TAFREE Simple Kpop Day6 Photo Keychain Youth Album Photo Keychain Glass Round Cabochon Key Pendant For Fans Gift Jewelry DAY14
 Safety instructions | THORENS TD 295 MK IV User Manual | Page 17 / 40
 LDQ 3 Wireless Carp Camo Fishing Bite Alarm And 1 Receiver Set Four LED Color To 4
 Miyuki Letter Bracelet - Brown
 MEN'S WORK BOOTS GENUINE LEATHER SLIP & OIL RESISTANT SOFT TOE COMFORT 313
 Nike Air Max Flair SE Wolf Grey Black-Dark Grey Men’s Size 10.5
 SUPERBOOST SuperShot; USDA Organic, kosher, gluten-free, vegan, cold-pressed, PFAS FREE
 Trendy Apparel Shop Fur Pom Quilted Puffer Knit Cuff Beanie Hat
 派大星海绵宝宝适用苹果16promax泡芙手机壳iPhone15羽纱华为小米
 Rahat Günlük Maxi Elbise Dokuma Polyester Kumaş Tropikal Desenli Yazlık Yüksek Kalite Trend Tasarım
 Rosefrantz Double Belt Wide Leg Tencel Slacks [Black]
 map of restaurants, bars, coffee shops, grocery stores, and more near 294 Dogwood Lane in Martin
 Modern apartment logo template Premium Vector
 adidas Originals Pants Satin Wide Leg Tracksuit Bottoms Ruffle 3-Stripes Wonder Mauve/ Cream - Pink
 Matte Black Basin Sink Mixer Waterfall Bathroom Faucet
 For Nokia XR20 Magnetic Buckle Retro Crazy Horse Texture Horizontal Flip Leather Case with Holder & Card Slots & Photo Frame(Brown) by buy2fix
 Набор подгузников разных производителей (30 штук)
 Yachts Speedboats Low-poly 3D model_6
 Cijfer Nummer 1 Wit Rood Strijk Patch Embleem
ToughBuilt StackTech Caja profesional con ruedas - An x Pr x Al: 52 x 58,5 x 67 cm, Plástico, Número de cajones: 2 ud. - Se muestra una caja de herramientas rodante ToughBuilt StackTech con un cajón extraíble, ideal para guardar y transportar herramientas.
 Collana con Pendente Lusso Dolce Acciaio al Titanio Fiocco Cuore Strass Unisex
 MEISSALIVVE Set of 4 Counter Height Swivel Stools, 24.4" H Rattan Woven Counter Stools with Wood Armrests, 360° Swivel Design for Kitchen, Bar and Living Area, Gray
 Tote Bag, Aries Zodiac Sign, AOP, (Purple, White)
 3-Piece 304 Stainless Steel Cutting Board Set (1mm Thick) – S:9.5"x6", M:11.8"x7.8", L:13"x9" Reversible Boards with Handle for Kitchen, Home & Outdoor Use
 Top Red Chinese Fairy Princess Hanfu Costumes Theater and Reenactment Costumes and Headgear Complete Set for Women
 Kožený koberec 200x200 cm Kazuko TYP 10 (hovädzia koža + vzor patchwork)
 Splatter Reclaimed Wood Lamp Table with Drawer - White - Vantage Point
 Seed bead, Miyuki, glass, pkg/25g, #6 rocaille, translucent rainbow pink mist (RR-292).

Exercise: Needed here are the exact lines from the start of the material through the line that contains "Miyuki Letter Bracelet - Brown", and no others.

Expected answer:
TAFREE Simple Kpop Day6 Photo Keychain Youth Album Photo Keychain Glass Round Cabochon Key Pendant For Fans Gift Jewelry DAY14
 Safety instructions | THORENS TD 295 MK IV User Manual | Page 17 / 40
 LDQ 3 Wireless Carp Camo Fishing Bite Alarm And 1 Receiver Set Four LED Color To 4
 Miyuki Letter Bracelet - Brown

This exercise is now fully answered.